You have to hand it to the former Nokia employees who decided to set up a company to build the Linux smartphone they believe the market wants. Naming your company 'dinghy' as you leave Nokia to enter the start-up world to produce a new smartphone is very Finnish.

But the company known as Jolla is more than a lifeboat. Jussi Hurmola and Marc Dillon have gathered together a team of around 50 employees, raised financing for their first handset, sourced and signed contracts with suppliers, and are putting in place everything else required for a modern smartphone.

Their first goal? To sell 100,000 units.

It might not be the nine million pre-orders that the Samsung Galaxy S3 has, but that's enough to build a company around. After all, Ferrari sell less than ten thousand cars a year, but they're still regarded as a success, so why not a similar model in the smartphone world?

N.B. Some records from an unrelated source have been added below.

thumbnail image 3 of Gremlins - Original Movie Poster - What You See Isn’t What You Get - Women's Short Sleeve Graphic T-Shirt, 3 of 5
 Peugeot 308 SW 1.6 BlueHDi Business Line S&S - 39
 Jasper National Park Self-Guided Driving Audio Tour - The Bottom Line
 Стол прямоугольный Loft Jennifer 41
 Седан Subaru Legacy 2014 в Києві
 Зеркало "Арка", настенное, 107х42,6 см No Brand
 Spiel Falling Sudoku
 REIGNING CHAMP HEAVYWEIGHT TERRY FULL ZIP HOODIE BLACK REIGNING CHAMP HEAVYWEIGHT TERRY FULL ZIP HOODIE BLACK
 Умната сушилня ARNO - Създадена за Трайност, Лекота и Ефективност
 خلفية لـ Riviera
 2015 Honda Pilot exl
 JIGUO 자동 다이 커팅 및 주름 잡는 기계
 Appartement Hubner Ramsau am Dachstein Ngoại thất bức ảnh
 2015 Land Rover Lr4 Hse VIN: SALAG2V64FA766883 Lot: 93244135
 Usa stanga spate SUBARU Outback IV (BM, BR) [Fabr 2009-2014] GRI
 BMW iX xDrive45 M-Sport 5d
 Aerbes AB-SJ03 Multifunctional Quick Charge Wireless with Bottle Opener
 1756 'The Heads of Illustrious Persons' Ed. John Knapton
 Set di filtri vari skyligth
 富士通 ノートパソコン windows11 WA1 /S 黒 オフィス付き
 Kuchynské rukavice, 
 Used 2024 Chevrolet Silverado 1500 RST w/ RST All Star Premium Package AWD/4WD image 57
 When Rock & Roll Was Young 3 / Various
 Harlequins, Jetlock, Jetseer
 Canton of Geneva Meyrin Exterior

This is what makes Jolla interesting to me. The smartphone game right now is heavily focussed on the volume side of personal computing, grabbing market share from others, building the biggest app store, and dominating the competition.

That's one way to be a successful business, but there is another. As Ferrari show, it's not always about volume, it's about having something desirable and relatively unique. If your product brings in more money than it costs, and you can develop the next models with that surplus, then you have a sustainable business.

With some decent strategy and a fair wind, I can see Jolla emerging as one of the leading 'boutique' smartphone manufacturers in 2013. It's unlikely to make any significant in-roads in terms of market share, the price will be higher than similarly specced handsets due to the relatively low volumes Jolla will sell, and it's likely that the first handsets will be purchased sim-free in the West as opposed to being widely available through a network contract.

That's fine though - if there is demand for a Finnish designed Linux smartphone and Jolla can deliver that, I see no reason why they can't make this a success.

There is a proven market out there for this style of hackable and open sourced phone. Nokia's MeeGo powered N9 has a lot of love in tech circles, and many are convinced that the lack of sales figures coming out of Nokia are more about protecting the aura around the Lumia Windows Phone range, rather than a poorly performing handset. Given their work in Nokia with the MeeGo platform, Jolla will have a good idea how large this market is, and will know what is attractive in terms of hardware, software, and support.

It might not get a huge amount of third party support, but if all the basics are there in terms of core applications, if the platform is open enough that a handful of dedicated HTML5 and Qt developers can fill in the gaps, and if they can keep a tight control on all the costs involved, then Jolla could carve out a very nice segment of the market.